Paris, Cerf, coll. Lectio Divina, 2009, 782 p.
R. Staub

D’emblée j’avoue mon enthousiasme pour cette œuvre magistrale, un peu comme l’auteur s’avoue lui-même coupable de foi chrétienne. Mais il précise que ce n’est pas sa foi qui l’a motivé pour ce travail gigantesque d’érudit qui l’a occupé plus de vingt ans. L’importance de la naissance de la foi chrétienne et ses conséquences dans l’histoire et les cultures du monde entier suffisent largement, selon Hurtado, pour s’y intéresser sérieusement.

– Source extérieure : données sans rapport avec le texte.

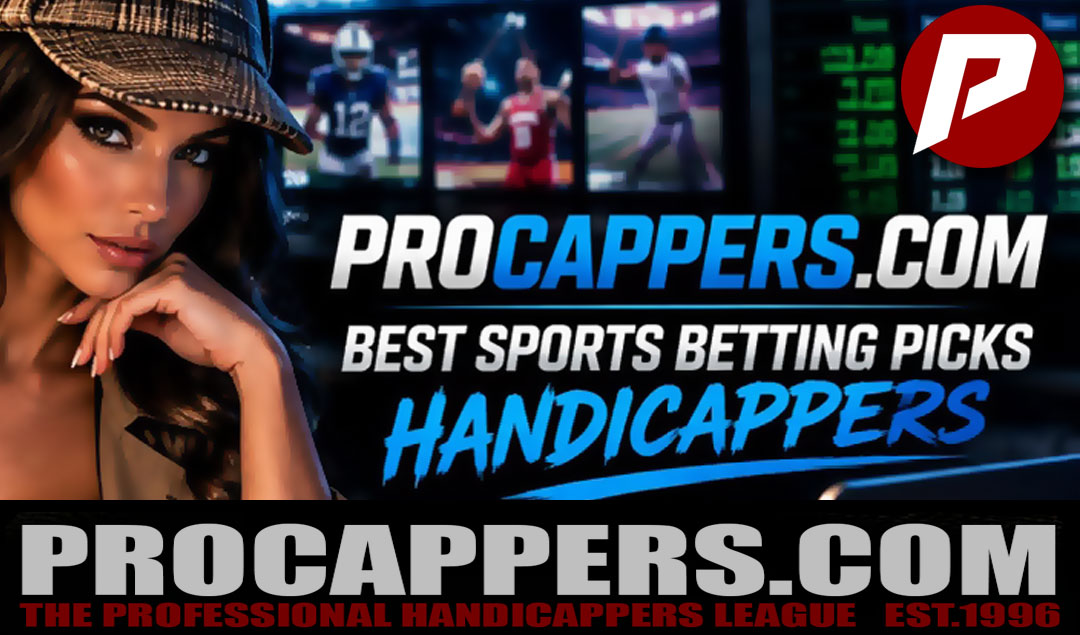 Looking for the Best Sports Betting Picks? Find Your Handicapper at ProCappers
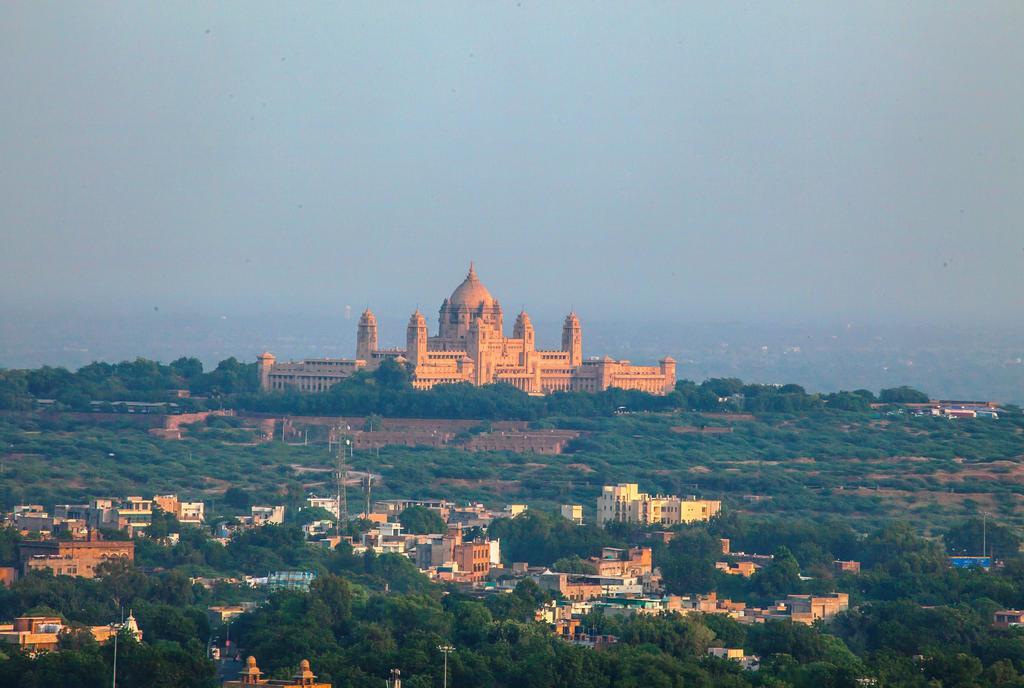 Mango Hotels Jodhpur Jodhpur  Luaran gambar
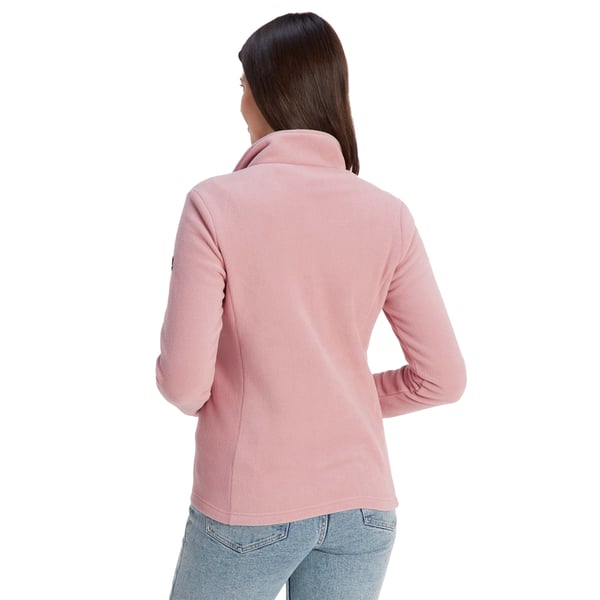 TOG24 Naisten Revive Quarter Zip -fleecetoppi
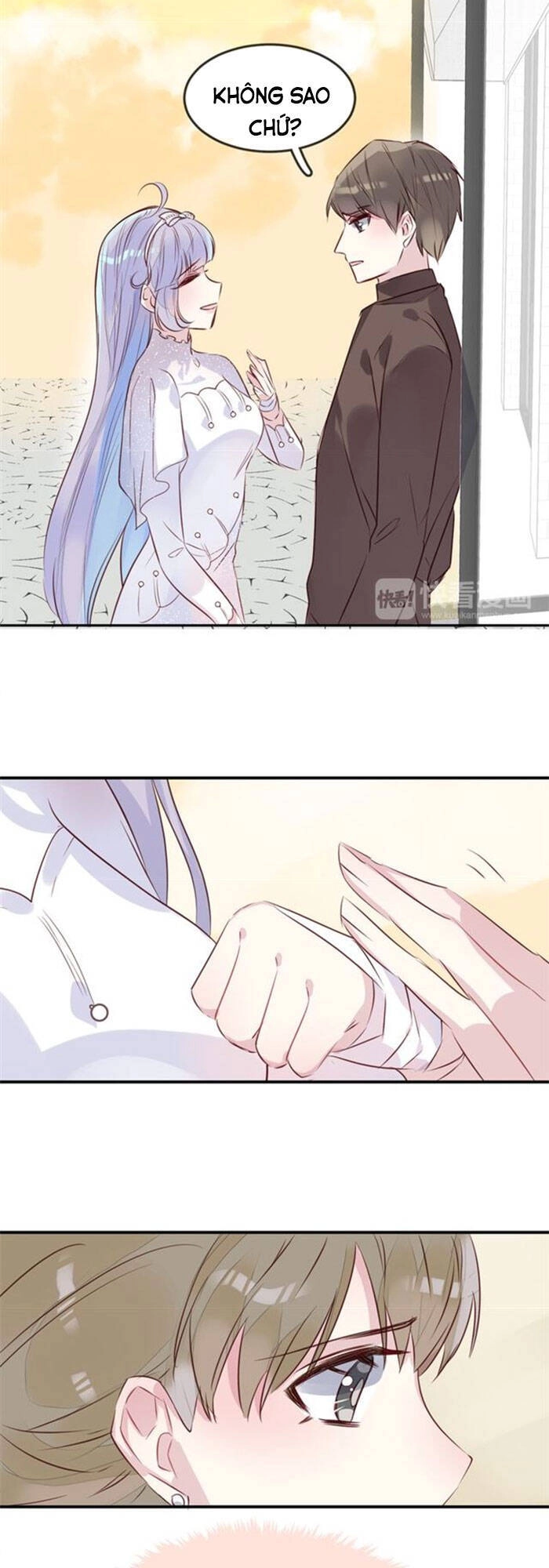 Chiếc Váy Của Người Cá Chapter 50 - 11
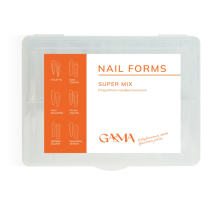 Upper forms of GaMa Super Mix, super mix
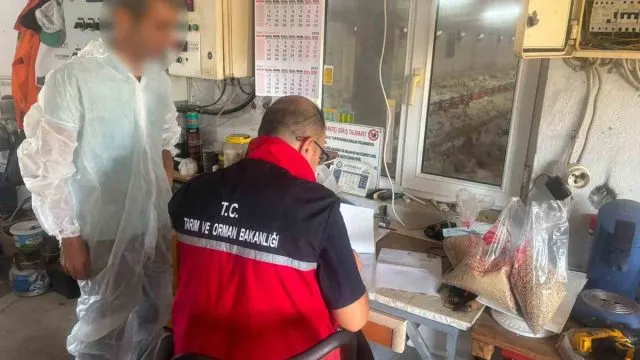 Balıkesir'de Yem Denetimi: 97 Numune Analize Gönderildi Balıkesir'de Yem Denetimi: 97 Numune Analize Gönderildi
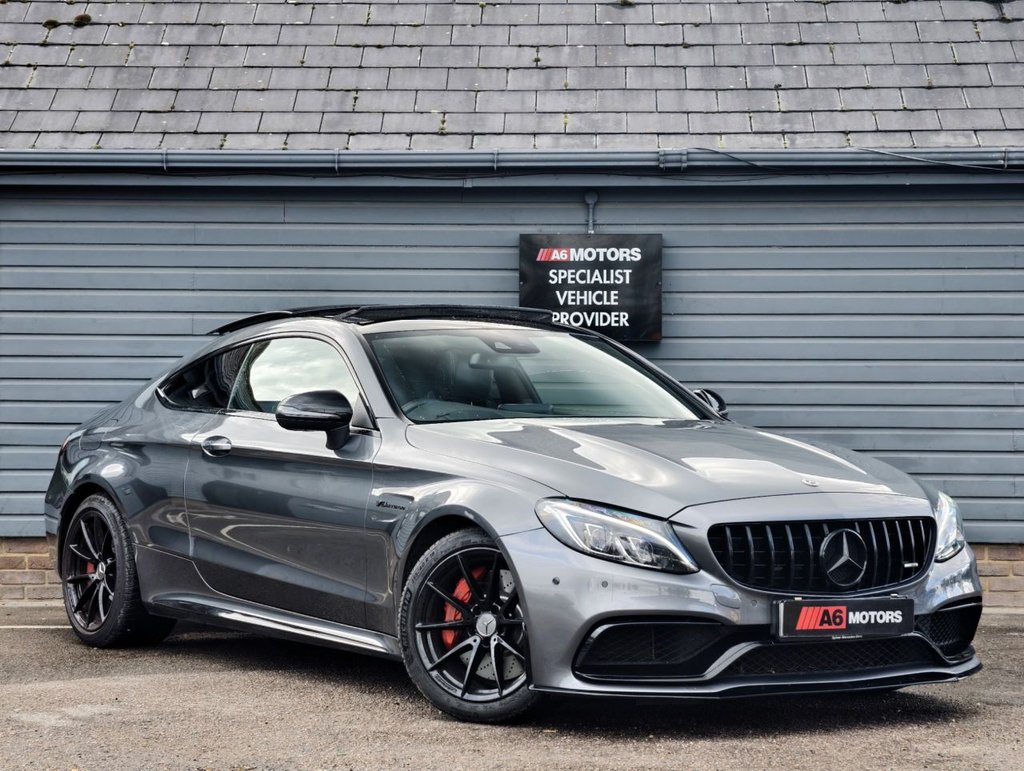 Used Mercedes-Benz C Class 2019 for sale - 76558938: Photo 3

La thèse principale et assez innovatrice de ce livre est que « les convictions et pratiques de dévotion (envers Jésus) sont apparues davantage à la manière d’une éruption volcanique (et ceci dans les années 30 à 50 !) que selon un processus de développement évolutif » et que « les premières pratiques cultuelles chrétiennes montrent l’importance particulièrement révélatrice de la place sans précédent que reconnaissent les premiers groupes chrétiens au Jésus exalté dans la gloire » (p.690).

Cette thèse est presque diamétralement opposée à celle de Wilhelm Bousset qui, en 1913 ( !), avait publié son Kyrios Christos , qui a fait école (réédité jusqu’en 1970 ) et auquel Hurtado se réfère comme à son modèle. Or, si pour Bousset « le culte rendu à Jésus se développe non pas avec les apôtres et les premiers fidèles en Palestine, mais plus tard à Antioche, Damas et Tarse, en milieu ‘ hellénistique ’ » (p.32) et si Bousset « décrit la filiation divine de Jésus comme un ingénieux dispositif de marketing dans les mains de Paul » (p.36), Hurtado démontre combien de telles idées sont loin de la réalité historique mais très proches et représentatives de cet air du temps libéral luthérien du début du XXe siècle.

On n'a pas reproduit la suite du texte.